*** Data extract Section Begins ***
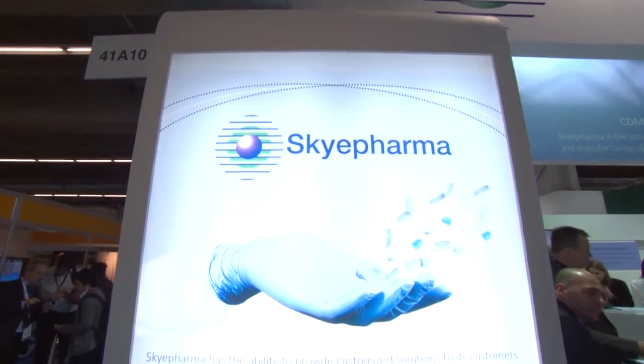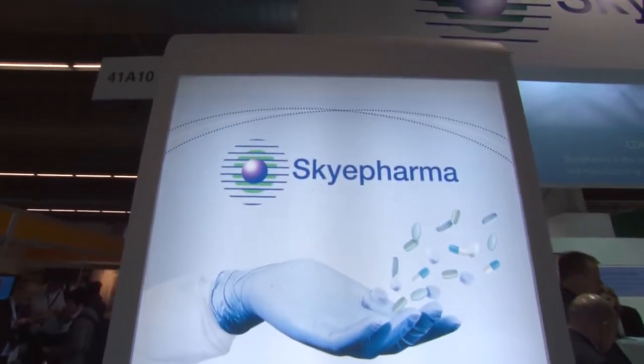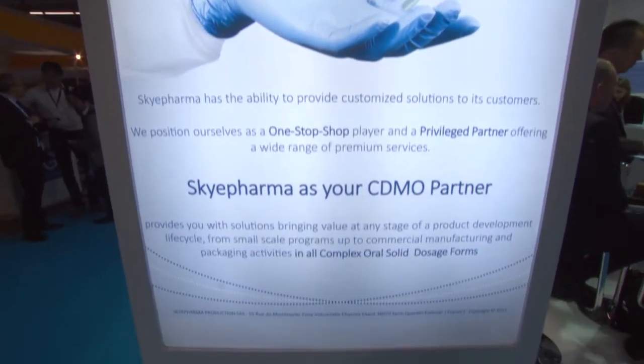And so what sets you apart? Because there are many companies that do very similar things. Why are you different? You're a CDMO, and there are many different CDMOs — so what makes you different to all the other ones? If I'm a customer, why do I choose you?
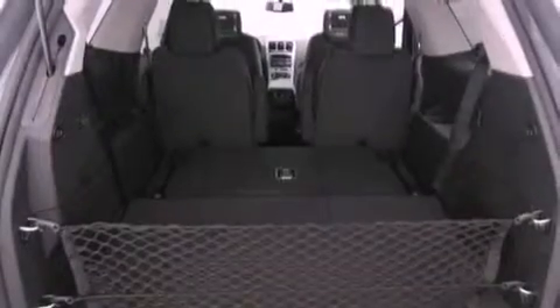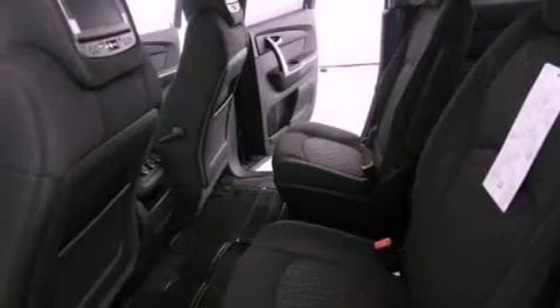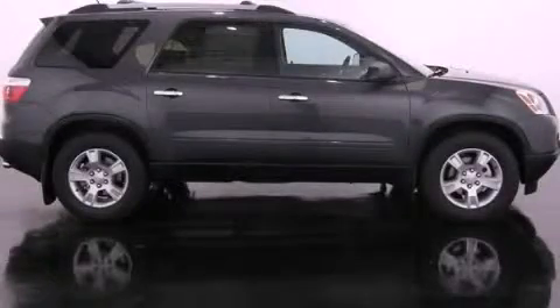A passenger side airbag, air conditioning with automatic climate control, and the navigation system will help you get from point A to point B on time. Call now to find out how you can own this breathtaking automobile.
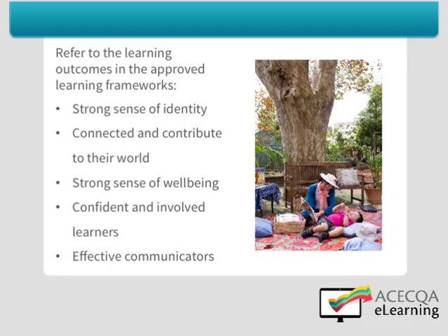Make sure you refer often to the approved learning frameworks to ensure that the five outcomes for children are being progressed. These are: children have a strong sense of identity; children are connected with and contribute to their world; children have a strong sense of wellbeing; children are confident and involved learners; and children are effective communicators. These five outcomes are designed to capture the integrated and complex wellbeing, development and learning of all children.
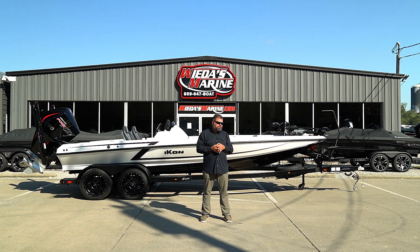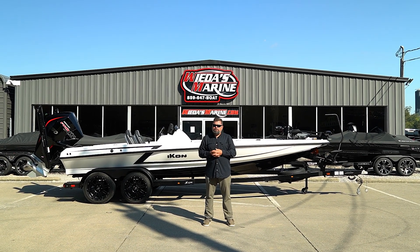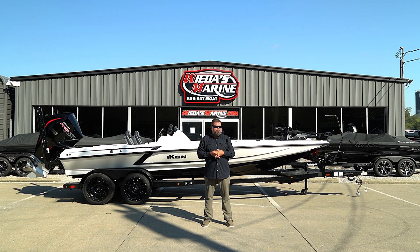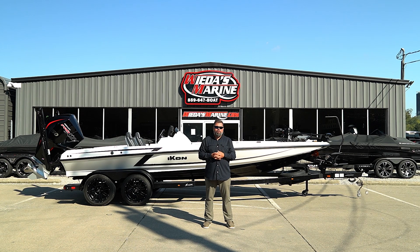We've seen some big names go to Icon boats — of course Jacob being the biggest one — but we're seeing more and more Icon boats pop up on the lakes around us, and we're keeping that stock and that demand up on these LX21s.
*** Data extract Section Ends ***
The listing should be transcribed in full, exactly, and without its pictures.

And so what sets you apart? Because there are many companies that do very similar things. Why are you different? You're a CDMO, and there are many different CDMOs — so what makes you different to all the other ones? If I'm a customer, why do I choose you?
A passenger side airbag, air conditioning with automatic climate control, and the navigation system will help you get from point A to point B on time. Call now to find out how you can own this breathtaking automobile.
Make sure you refer often to the approved learning frameworks to ensure that the five outcomes for children are being progressed. These are: children have a strong sense of identity; children are connected with and contribute to their world; children have a strong sense of wellbeing; children are confident and involved learners; and children are effective communicators. These five outcomes are designed to capture the integrated and complex wellbeing, development and learning of all children.
We've seen some big names go to Icon boats — of course Jacob being the biggest one — but we're seeing more and more Icon boats pop up on the lakes around us, and we're keeping that stock and that demand up on these LX21s.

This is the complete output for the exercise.